Palin Lands as Belle of U.N. Amid Global Finance Crisis
This article is from the archive of The New York Sun before the launch of its new website in 2022. The Sun has neither altered nor updated such articles but will seek to correct any errors, mis-categorizations or other problems introduced during transfer.
UNITED NATIONS — The world leaders who are in New York today for the annual U.N. General Assembly debate may be more concerned about the global financial crisis than political issues or terrorism, several diplomats here say.
And as presidents and prime ministers mingle at the assembly’s autumn session, one figure is being eyed with curiosity: the newest Cinderella on the international scene, Governor Palin, who was scheduled to attend a reception hosted by President Bush last night at the Waldorf-Astoria Hotel for as many as 400 world leaders.
Today the Republican vice presidential nominee is scheduled to meet with President Uribe of Colombia and President Karzai of Afghanistan, and tomorrow she will speak with two Eastern European leaders, President Saakashvili of Georgia and President Yushchenko of Ukraine. Later in the day, she will meet with President Talabani of Iraq, and then confer separately with South Asia’s most prominent leaders, Prime Minister Singh of India and Pakistan’s new president, Asif Ali Zardari. The rock musician Bono, who promotes international assistance to the world’s poorest countries, is also on the Alaska governor’s schedule.
But as Mrs. Palin makes the rounds in an effort to bolster her foreign policy credentials, diplomats may shift their focus during the annual gathering, sneaking out to meetings in Wall Street boardrooms instead of attending lengthy U.N. speeches. The White House press secretary, Dana Perino, told reporters yesterday that Mr. Bush is considering adding a reference to the economy to his speech this morning before the General Assembly, which will likely mark his final U.N. appearance as president.
“Global leaders will be coming to New York this week for the annual General Assembly, but one of the issues that is going to be uppermost on their minds is the global financial crisis, and no doubt many leaders will want to address that issue as well as the U.N. agenda,” the British ambassador to the United Nations, John Sawers, told reporters.
President Ahmadinejad, who is scheduled to address the assembly this afternoon, told the Los Angeles Times yesterday that the financial crisis is the result of America’s “heavy military engagement and involvement around the world.” The Iranian president also repeated his assertion that Israel is doomed, “like an airplane that has lost its engine.”
Prior to his arrival in New York, where he met with Secretary-General Ban yesterday, Mr. Ahmadinejad told reporters in Tehran that excessive American influence at the United Nations has led the world body to punish his country for its nuclear program. “All U.N. bodies should be run based on democratic principles,” he said, the state-run FARS news agency reported.

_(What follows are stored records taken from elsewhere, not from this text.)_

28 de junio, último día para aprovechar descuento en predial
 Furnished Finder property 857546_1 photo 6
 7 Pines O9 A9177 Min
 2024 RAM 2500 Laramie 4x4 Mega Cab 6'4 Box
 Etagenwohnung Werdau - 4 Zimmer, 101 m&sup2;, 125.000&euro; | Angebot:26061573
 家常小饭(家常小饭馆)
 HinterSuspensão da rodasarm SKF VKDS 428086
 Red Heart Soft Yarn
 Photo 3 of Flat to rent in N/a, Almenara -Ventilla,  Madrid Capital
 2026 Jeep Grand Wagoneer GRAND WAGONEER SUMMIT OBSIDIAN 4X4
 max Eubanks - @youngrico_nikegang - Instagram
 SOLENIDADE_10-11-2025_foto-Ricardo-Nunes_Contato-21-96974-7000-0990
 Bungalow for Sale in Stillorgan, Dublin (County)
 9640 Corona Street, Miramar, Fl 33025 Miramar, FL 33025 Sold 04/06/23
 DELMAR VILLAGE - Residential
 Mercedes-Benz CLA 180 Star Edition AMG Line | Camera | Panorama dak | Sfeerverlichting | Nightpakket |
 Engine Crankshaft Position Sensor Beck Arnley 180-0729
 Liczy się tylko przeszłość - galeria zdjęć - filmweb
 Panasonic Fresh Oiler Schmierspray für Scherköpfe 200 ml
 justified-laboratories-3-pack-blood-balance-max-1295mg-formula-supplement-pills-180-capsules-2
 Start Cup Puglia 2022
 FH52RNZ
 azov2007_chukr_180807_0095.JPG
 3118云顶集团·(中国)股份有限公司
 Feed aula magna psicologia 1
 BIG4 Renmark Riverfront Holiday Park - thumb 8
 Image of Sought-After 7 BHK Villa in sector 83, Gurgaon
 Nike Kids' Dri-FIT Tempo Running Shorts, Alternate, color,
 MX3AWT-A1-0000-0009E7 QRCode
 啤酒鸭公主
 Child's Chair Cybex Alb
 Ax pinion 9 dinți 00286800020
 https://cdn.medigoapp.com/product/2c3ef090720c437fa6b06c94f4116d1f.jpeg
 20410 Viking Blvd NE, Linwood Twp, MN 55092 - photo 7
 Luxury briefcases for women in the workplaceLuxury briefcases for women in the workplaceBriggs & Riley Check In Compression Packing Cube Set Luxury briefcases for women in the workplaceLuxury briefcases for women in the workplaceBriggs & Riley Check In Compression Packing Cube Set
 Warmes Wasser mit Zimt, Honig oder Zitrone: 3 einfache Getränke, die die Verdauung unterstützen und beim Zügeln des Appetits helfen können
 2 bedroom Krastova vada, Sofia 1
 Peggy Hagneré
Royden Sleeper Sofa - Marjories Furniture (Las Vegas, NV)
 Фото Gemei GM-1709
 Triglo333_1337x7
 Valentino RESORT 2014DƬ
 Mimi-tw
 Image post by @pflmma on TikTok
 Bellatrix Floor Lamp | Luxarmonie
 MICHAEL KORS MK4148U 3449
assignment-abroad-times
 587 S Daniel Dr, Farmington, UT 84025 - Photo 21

He added that the United Nations “should be located on an independent land so that it would be possible for every party to express their views freely.”
The worldwide financial turmoil may have an effect on international cooperation, including on the Iranian issue. Some of Prime Minister Putin’s top supporters in Russia have suffered especially heavy financial losses, which could change his attitude toward Iran, a former director of central intelligence, James Woolsey, said. The 40% plunge in the Russian financial markets last week “concentrates Putin’s mind,” he added.
Foreign Minister Sergei Lavrov said last week that Moscow would oppose a new round of sanctions against Iran at the U.N. Security Council, which already has passed three resolutions imposing financial restrictions on Iranian officials and companies. But yesterday, Russia voted at the Security Council to renew the mandate of a peacekeeping force in Afghanistan, though it abstained from a similar vote last year.
Also yesterday, the head of the International Atomic Energy Agency, Mohammed ElBaradei, said that unless Iran changes its ways, “the agency will not be able to provide credible assurances about the absence of undeclared nuclear material and activities in Iran.” Russia is very concerned about Iran becoming a nuclear country, said the Middle East scholar Fouad Ajami, who along with Mr. Woolsey and two former Clinton administration ambassadors, Dennis Ross and Richard Holbrooke, are members of a new grassroots campaign to raise awareness about the dangers of Iran’s nuclear program, United Against Nuclear Iran.
Another member, Henry Sokolski, said that while a lot of international discourse revolves around what can be done to stop Iran, the group’s focus will be on “getting the problem described” to the American people and the world. Once the problem is identified, “the solutions could be a humdinger,” he said.
United’s president, Mark Wallace, a former American ambassador to the United Nations, added that although he is an adviser to Senator McCain’s presidential campaign, the group’s aim is to find consensus across party lines.